The operation took place from the 5th to the 9th of this month. According to Lieutenant Antônio Carlos Costa, one of the coordinators of the operation, the area invaded is quite remote and has suffered widespread devastation from logging and gold mining activities.
"There are craters everywhere and over a thousand cubic meters of all types of timber logged. It looks like something from a horror movie. I was shocked with what they'd done to the park", the policeman said.
Many miners fled into the woods when law enforcement arrived. There were more than a hundred that didn't. "There were so many people that we had to stop arresting them as we didn't have enough personnel to take them all in. That's why we decided to arrest the four ringleaders and take all of their equipment with us".
The names of those arrested are Cícero Francisco de Souza, Jolmar Simionatto, Josenilton Silva dos Santos and Luiz Sérgio Otto. The officers confiscated 15 motors, six trucks and a tracked tractor.
"Each one of them led a group of at least 60 miners", says Costa, who discovered where they all came from. "They came mainly from the states of Amazonas and Rondônia. There are people from all over, they came attracted by the gossip".
Gossip, in claim miner's lingo is news that is transmitted by word of mouth about some new promising mining area. The discover that Igarapés do Juruena had become the focus of this gossip was made possible by satellite images.

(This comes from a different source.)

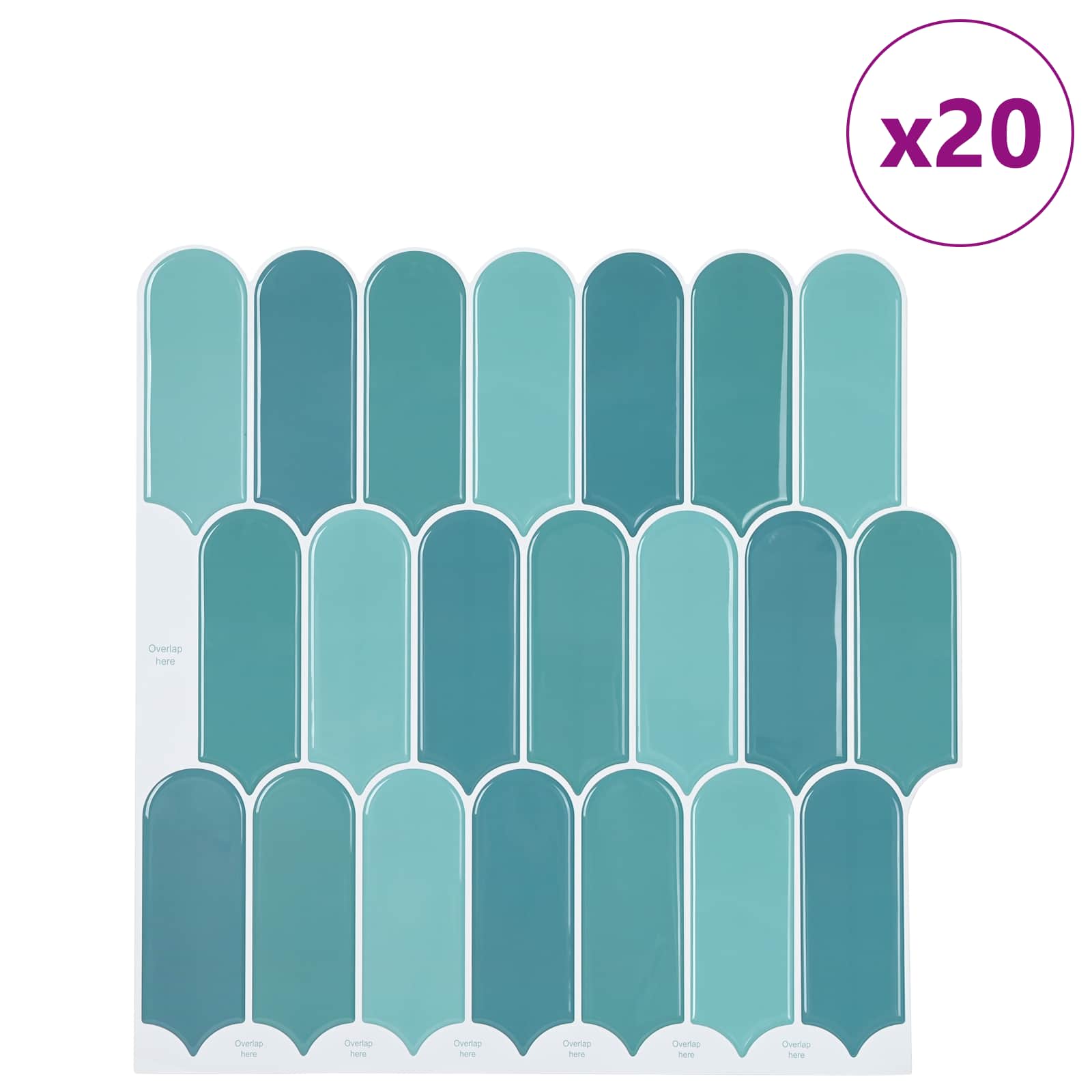 Federfliese 20 Stk. Blau 30 x 30 cm Polyurethan und PET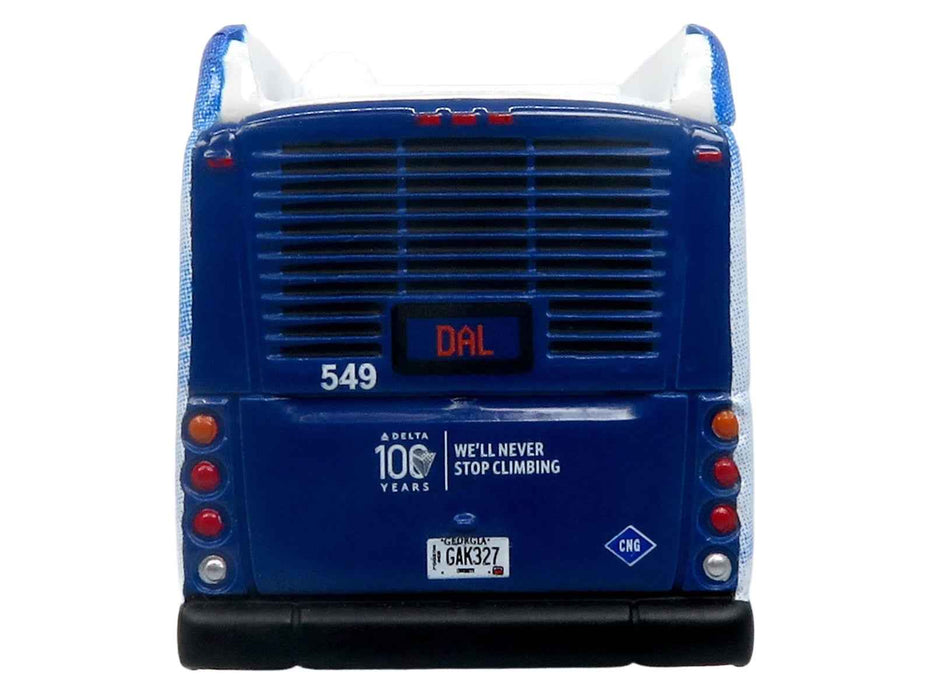 New Flyer Xcelsior XN40 Transit Bus "Delta Air Lines 100th Anniversary" Blue and White with Graphics "The Bus & Motorcoach Collection" Limited Edition 1/87 (HO) Scale Diecast Model by Iconic Replicas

According to Sema, a technical report, together with a police inquiry, will be sent to the State Public Prosecutors Office to initiate and investigation.
Land-grabbing
Established by a state decree in 2002, Igarapés do Juruena shelters an area of 227,000 hectares, rich in water and diversity of fauna and flora. According to a survey by the Sema Coordinating Office of Conservation Units (CUCO), the park has been targeted by organized land-grabbers. Management plan frauds have also been discovered, trying to legalize timber taken from the park.